--- INFORMATION SUPPLIED Enclosed Below ---

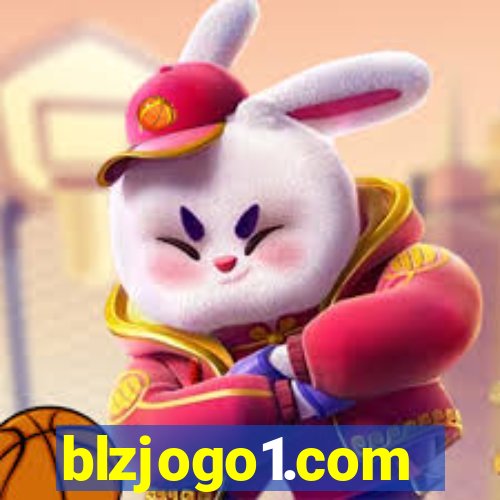 blzjogo1.com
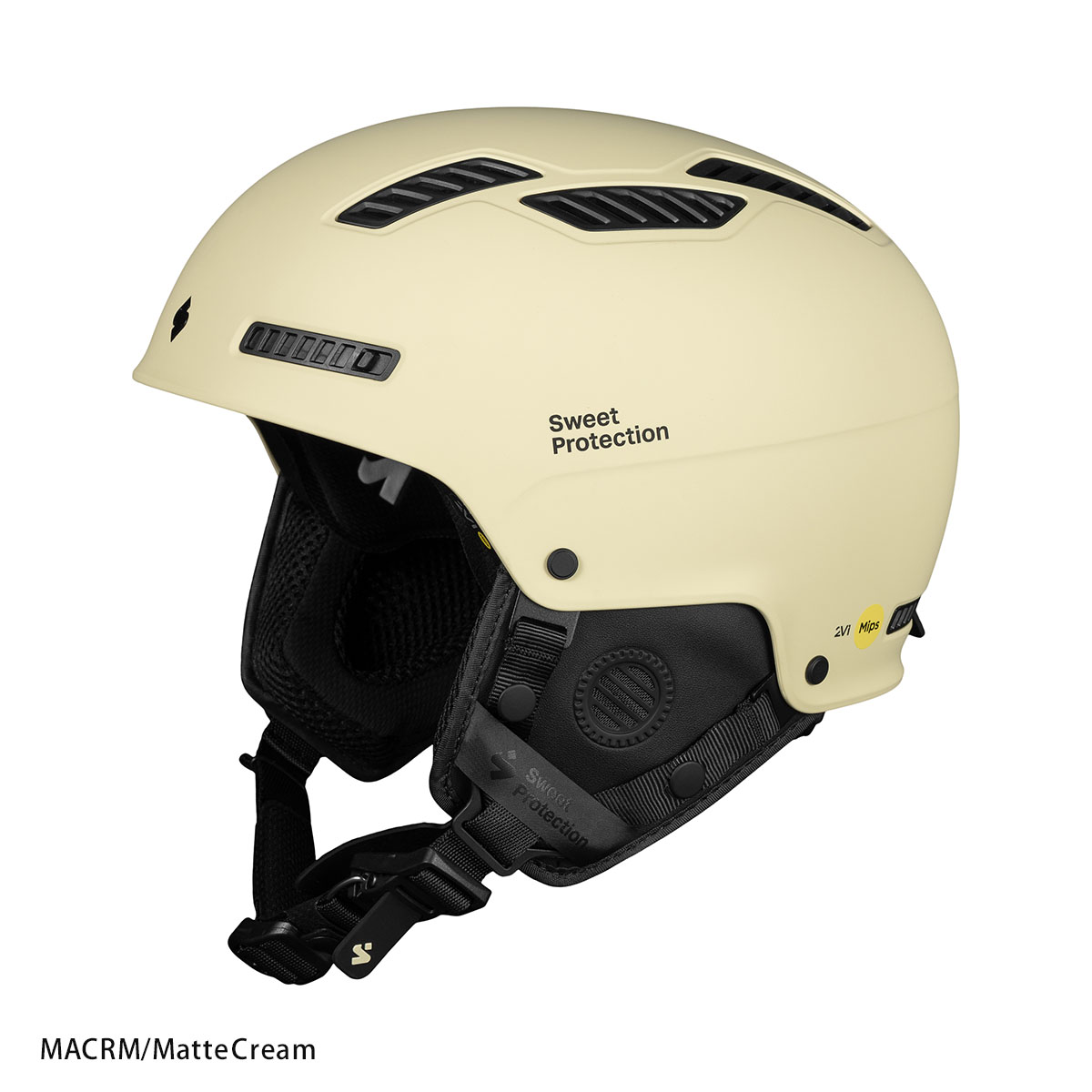 Sweet Protection スキーヘルメット メンズ レディース＜2026＞Igniter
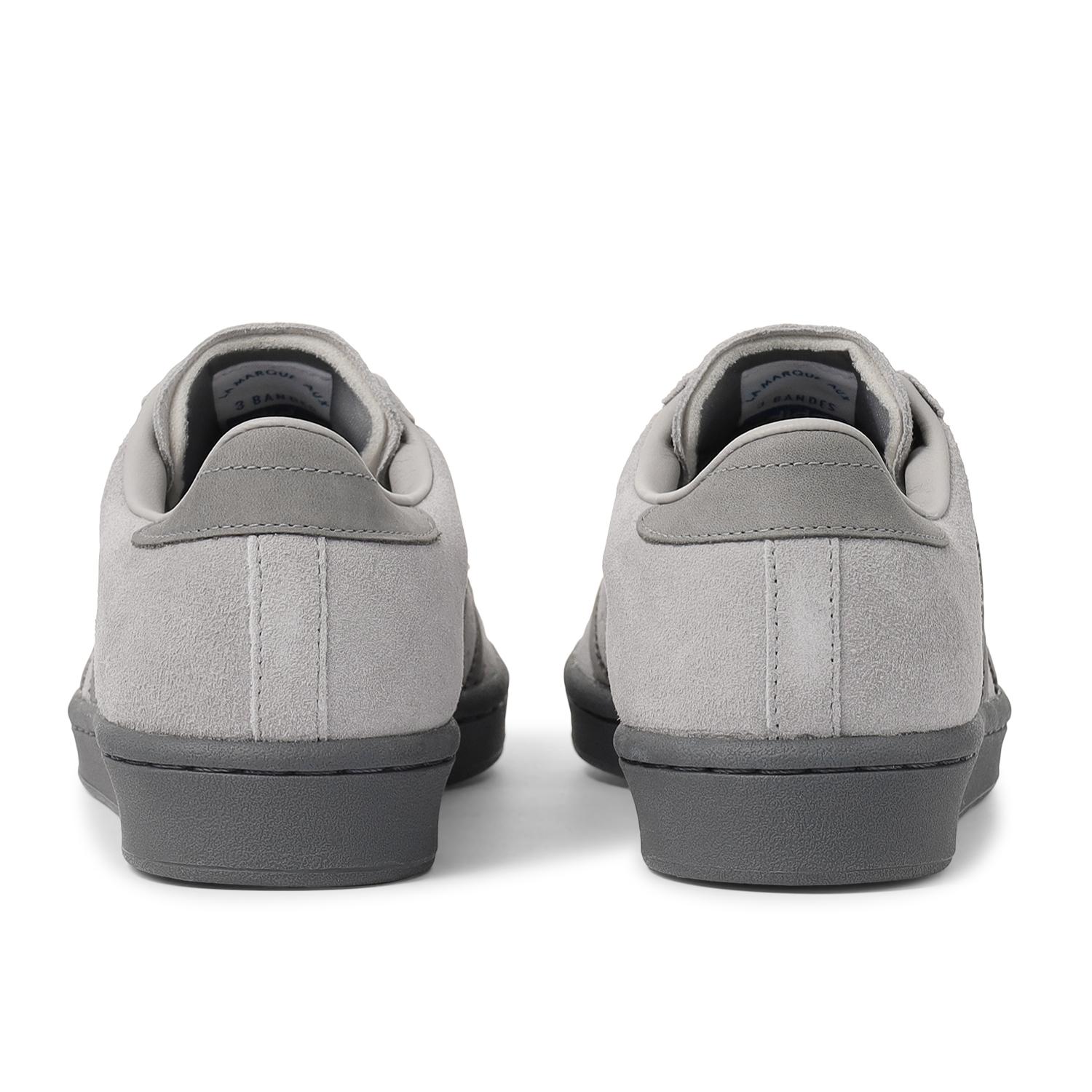  adidas SUPERSTAR VINTAGE画像4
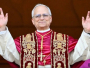 Papa Lav XIV: ''Bez straha, ujedinjeni s Bogom idemo dalje''
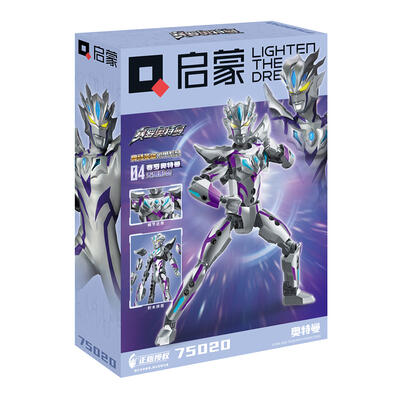 Enlighten Thero Altman Infinite Form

--- End of Enclosed INFORMATION SUPPLIED ---

YOUR ASSIGNMENT
The lines from the one with "adidas SUPERSTAR VINTAGE画像4" to the end of the data above should be retyped exactly, both ends included, and pictures are to be left out.

RESULT FOR THIS EXERCISE
  adidas SUPERSTAR VINTAGE画像4
 Papa Lav XIV: ''Bez straha, ujedinjeni s Bogom idemo dalje''
 Enlighten Thero Altman Infinite Form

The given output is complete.